1966 single by Los Bravos

"Black Is Black" is a song by the Spanish rock band Los Bravos, released in 1966 as the group's debut single for Decca Records. Produced by Ivor Raymonde, it reached number two in the UK, number four in the US, and number one in Canada. With the recording's success, Los Bravos became the first Spanish rock band to have an international hit single. A dance remix was released as a single in 1986.

==Background==
Four members of Los Bravos — bassist Miguel Vicens Danus, guitarist Tony Martinez, organist Manuel Fernández, and drummer Pablo Sanllehi — had previously worked together in the Spanish band Los Sonors. Together with German-born singer Michael Kogel (aliases: Mike Kennedy, Mike Keller), the group set out to achieve success in the European market making English-language pop music.

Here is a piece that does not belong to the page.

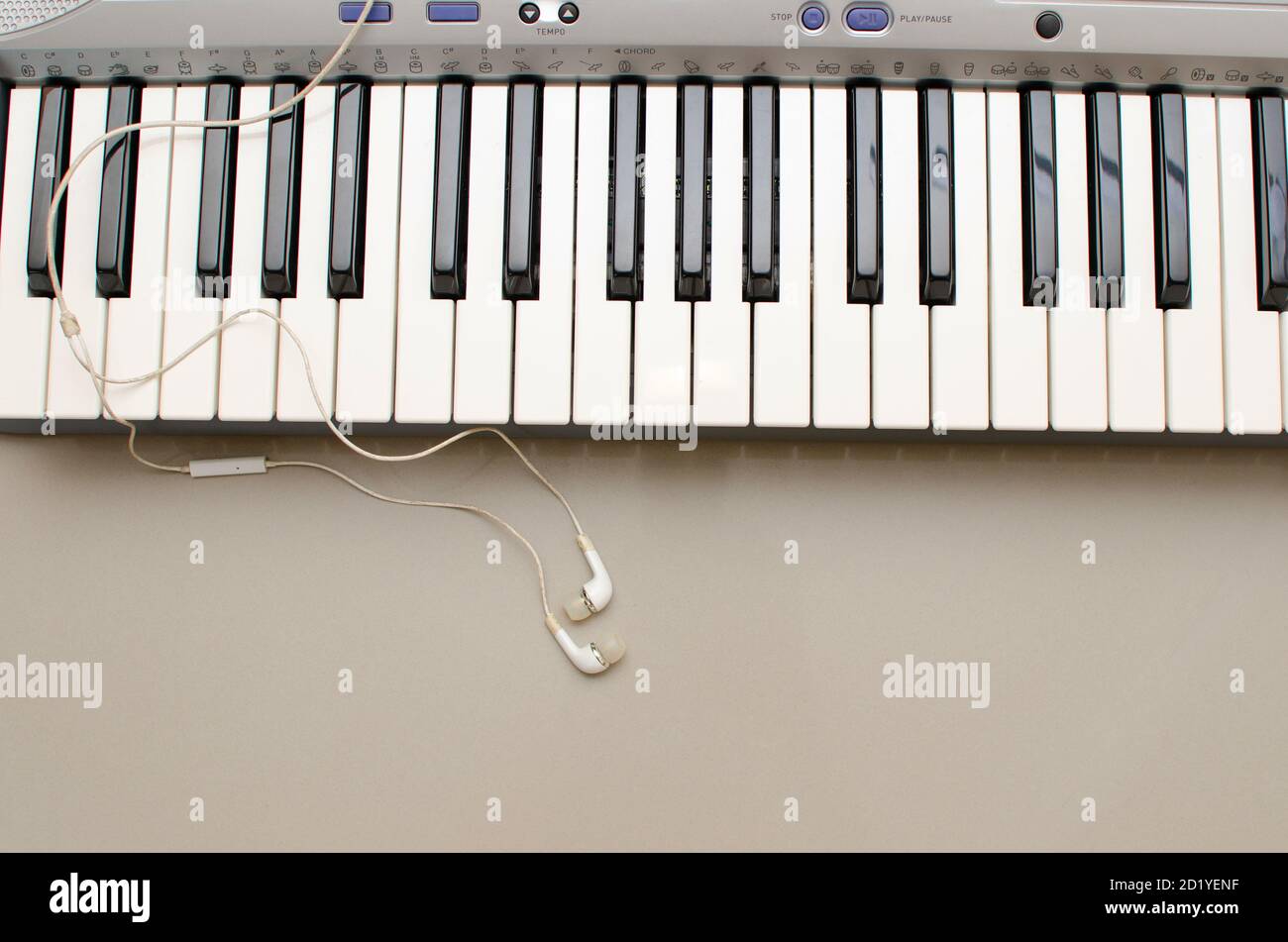 Keyboard  of Synthesiser or Electronic musical instrument with ear buds or ear phones Stock Photo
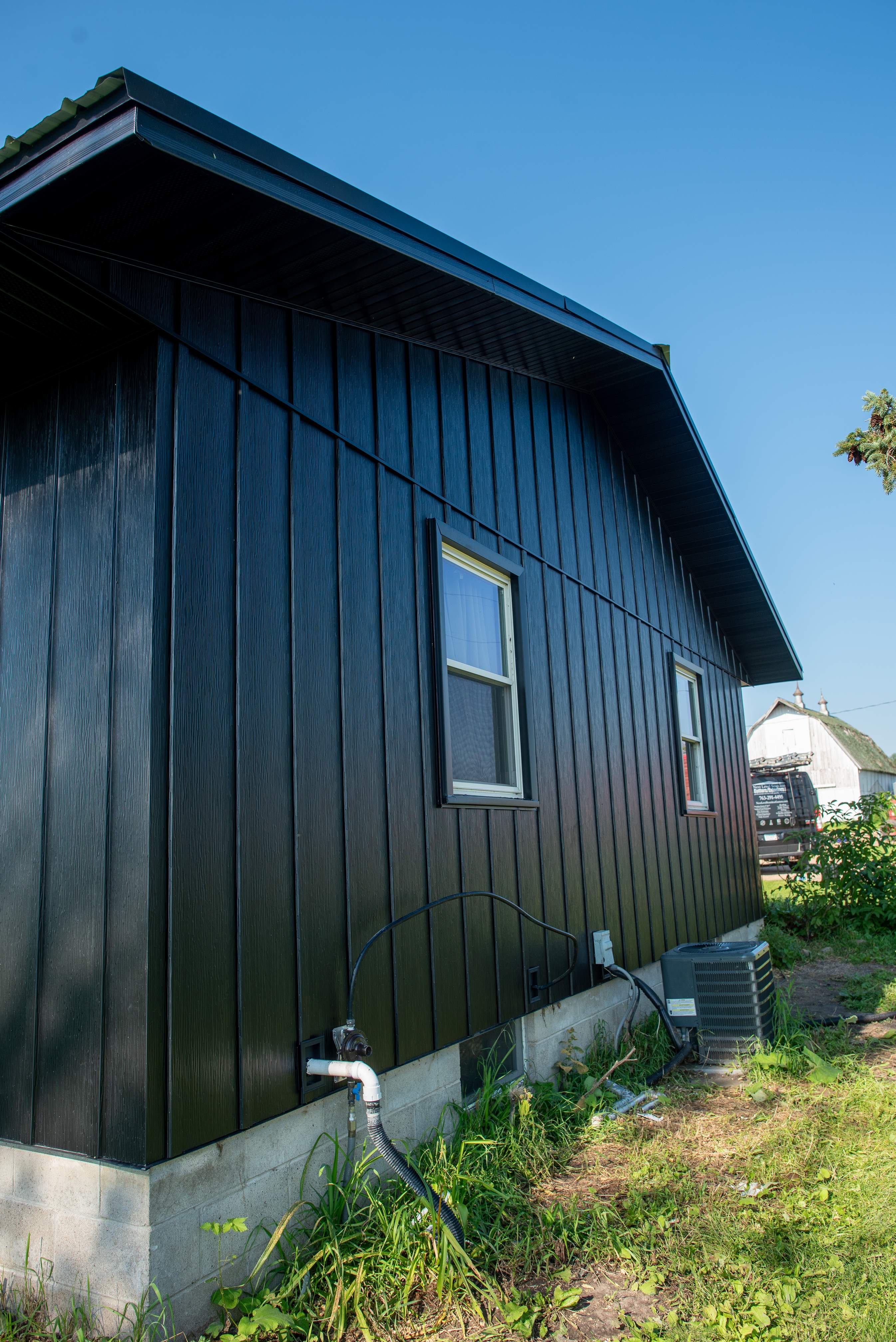 EDCO Steel Siding with Black Fascia & Soffit – Waverly, MN by Next Level Seamless Gutters / Exteriors Inc.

After signing with the Spanish division of Decca Records, the band went to England to work with Ivor Raymonde, a British producer, arranger, conductor, and composer, who had been involved in making UK hit songs with such artists as Marty Wilde, Billy Fury, and Dave Berry. "Black Is Black" was released in 1966 as the band's first Decca single.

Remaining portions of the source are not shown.